* **EXERCISE BRIEF**:
For the records below, copy exactly the span that begins at the line containing "Bild aus der Galerie" and stops after the line containing "浙江浦江鄉(xiāng)村逆", minus any pictures.

* **GIVEN INFORMATION**:
┄┄┄┄┄┄┄┄┄┄
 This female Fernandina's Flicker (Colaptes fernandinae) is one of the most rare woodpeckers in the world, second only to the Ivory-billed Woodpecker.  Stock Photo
┄┄┄┄┄┄┄┄┄┄
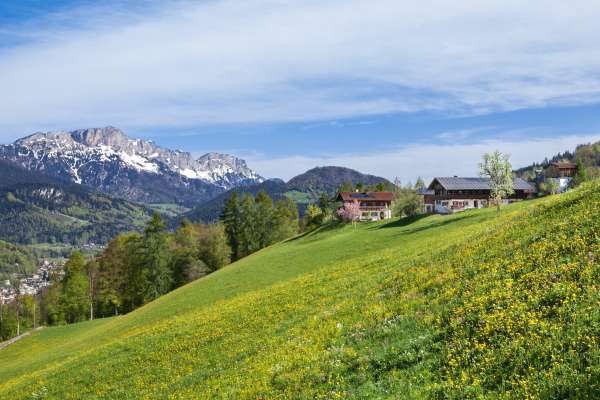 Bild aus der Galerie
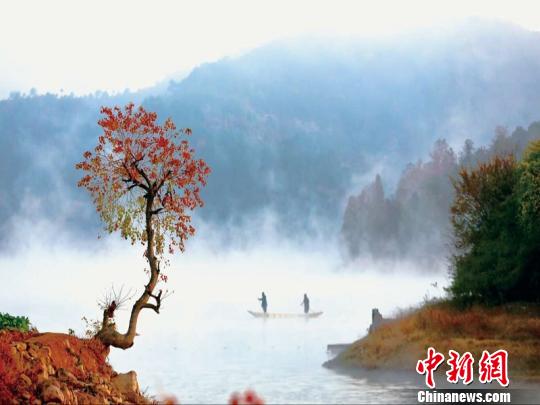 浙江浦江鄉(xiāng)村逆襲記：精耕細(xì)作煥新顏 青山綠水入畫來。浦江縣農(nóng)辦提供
┄┄┄┄┄┄┄┄┄┄
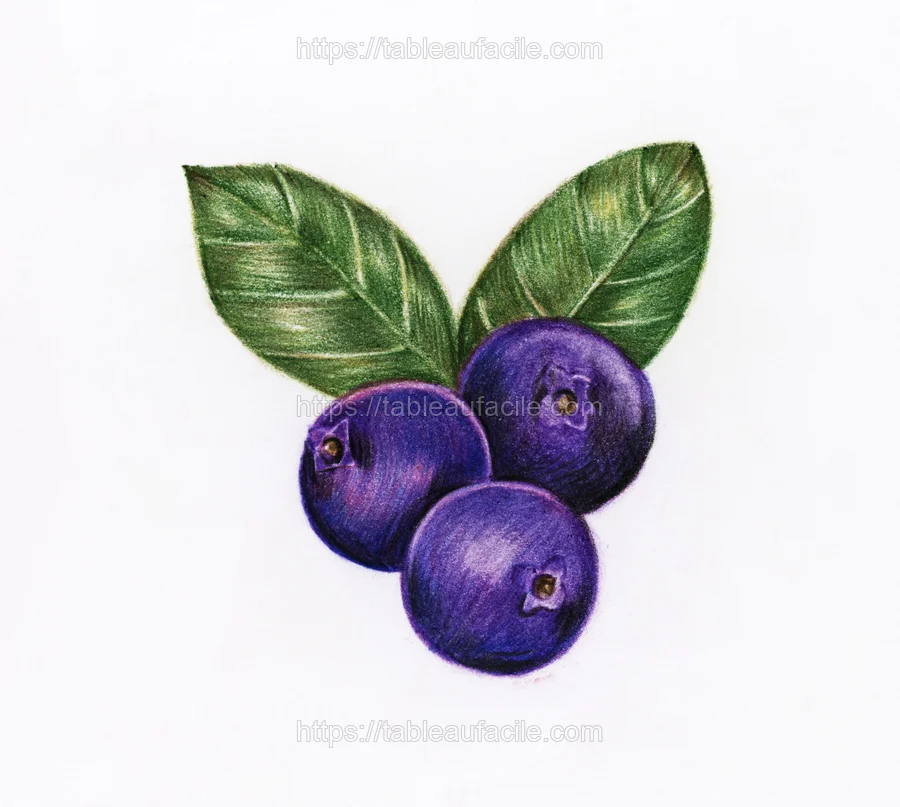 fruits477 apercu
┄┄┄┄┄┄┄┄┄┄
* **OUTPUT FOR THIS TASK**:
 Bild aus der Galerie
 浙江浦江鄉(xiāng)村逆襲記：精耕細(xì)作煥新顏 青山綠水入畫來。浦江縣農(nóng)辦提供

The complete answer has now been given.